It is complicated to tune for Spark workloads as each varies a lot. Here are several general tuning options on the most popular TPCH/TPC-DS benchmarking.
Spark have several options to control the batch size at different operators. We suggest to use bigger value as this will bring better cache efficiency especially for columnar processing.
--conf spark.sql.inMemoryColumnarStorage.batchSize=20480
--conf spark.sql.execution.arrow.maxRecordsPerBatch=20480
--conf spark.sql.parquet.columnarReaderBatchSize=20480
As Gazelle currently only supports hash based shuffle, it's recommended to use 1 or 2 times shuffle partitions of the total HT cores in the cluster. e.g., there are 384 cores in the cluster, it's better to use spark.sql.shuffle.partitions = 384 or 768. It this way it's most efficient for Gazelle.

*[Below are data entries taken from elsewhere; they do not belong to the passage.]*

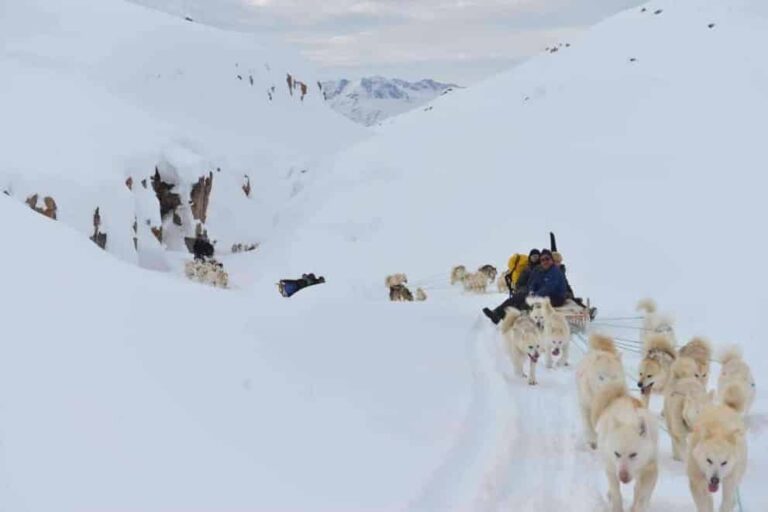 Multi-day Dogsledding from Tasiilaq | East Greenland - Image 7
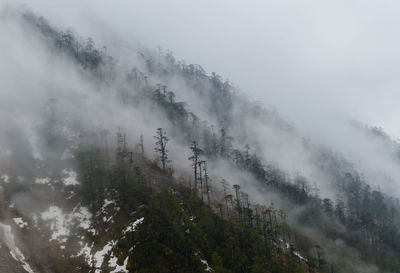 fog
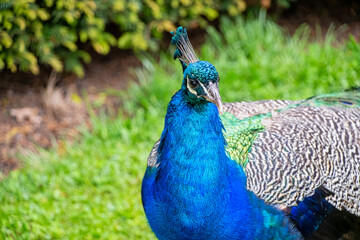 Peacock bird walking on some grass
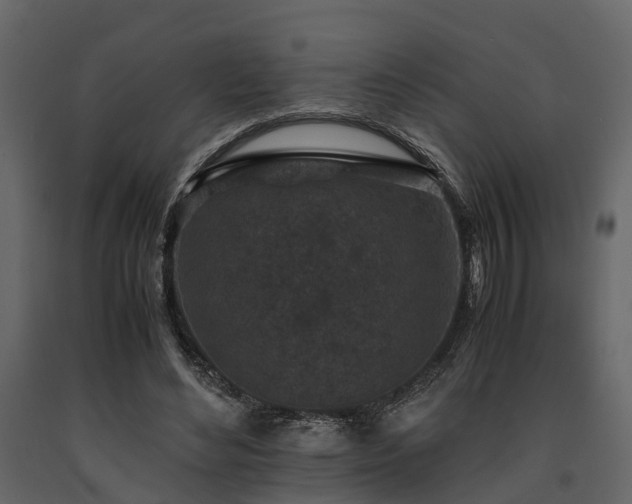 X0000091650492200708231224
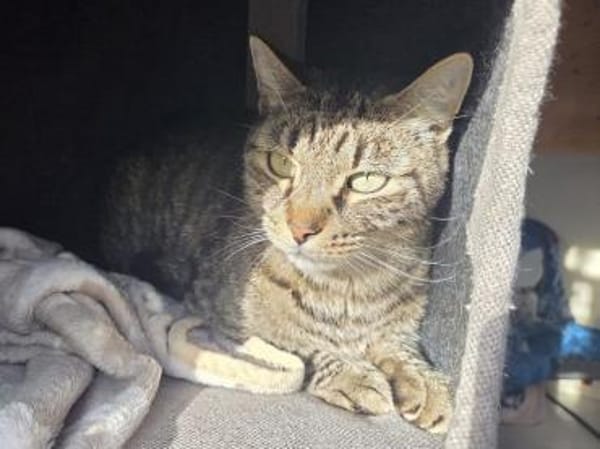 TIGER-hübscher, charmanter Kater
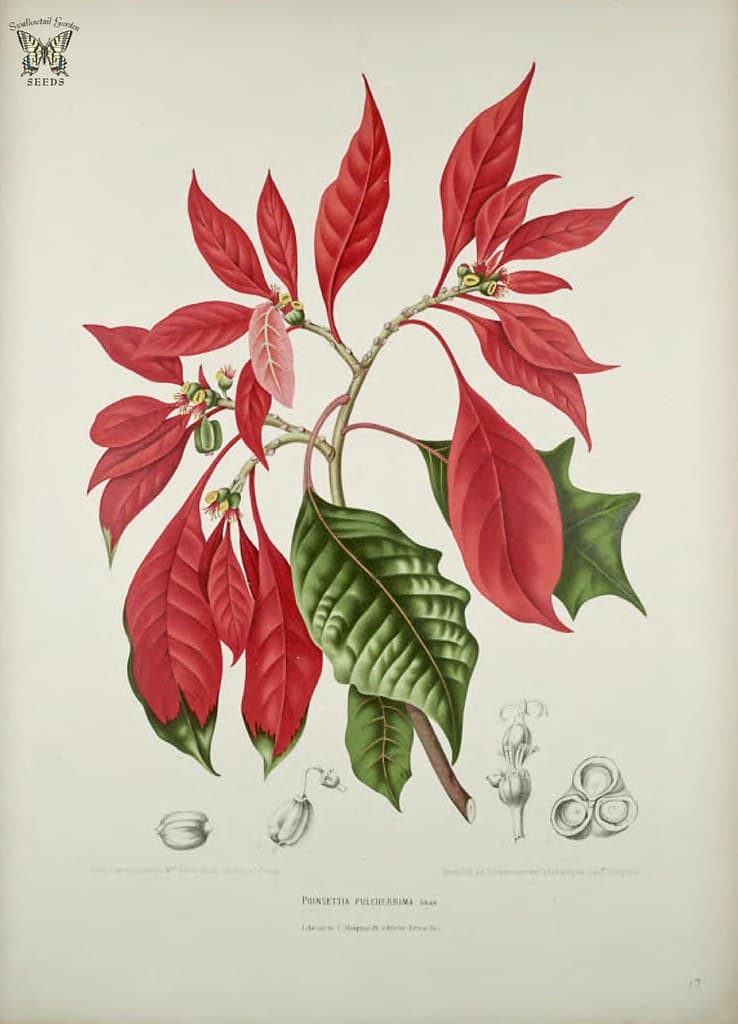 Thcentury, botanical, botany
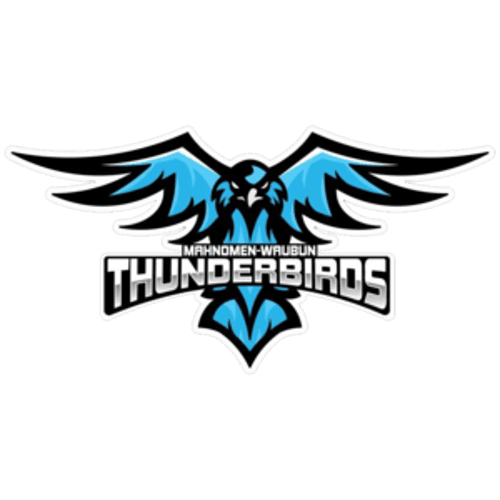 Mahnomen/Waubun Boys Basketball logo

Unlike Spark, most of the memory usage in Gazelle would be off-heap based. So a big off-heap is recomended. There are still some small objects in On-heap thus a proper sized on-heap is also required. We are recommending below configurations for memory related settings.
--executor-cores 6
--executor-memory 6g // on-heap memory: 1G per core
--conf spark.executor.memoryOverhead=384 // not used, 384M should be enough
--conf spark.memory.offHeap.enabled=true // enable off-heap thus Spark can control the memory
--conf spark.memory.offHeap.size=15g // a big off-heap is required
On non-partiton tables, it's better to set the number of files to times of total HT cores in your cluster, e.g., there are 384 cores in your cluster, we'd better to set the file numbers to 2x384 or 3x384 to ensure. In this way Spark would only issue one task for each file(together with spark.sql.files.maxPartitionBytes option).
Note the spark.sql.files.maxRecordsPerFile will also split the files in to smaller ones. We may just disable this feature to -1.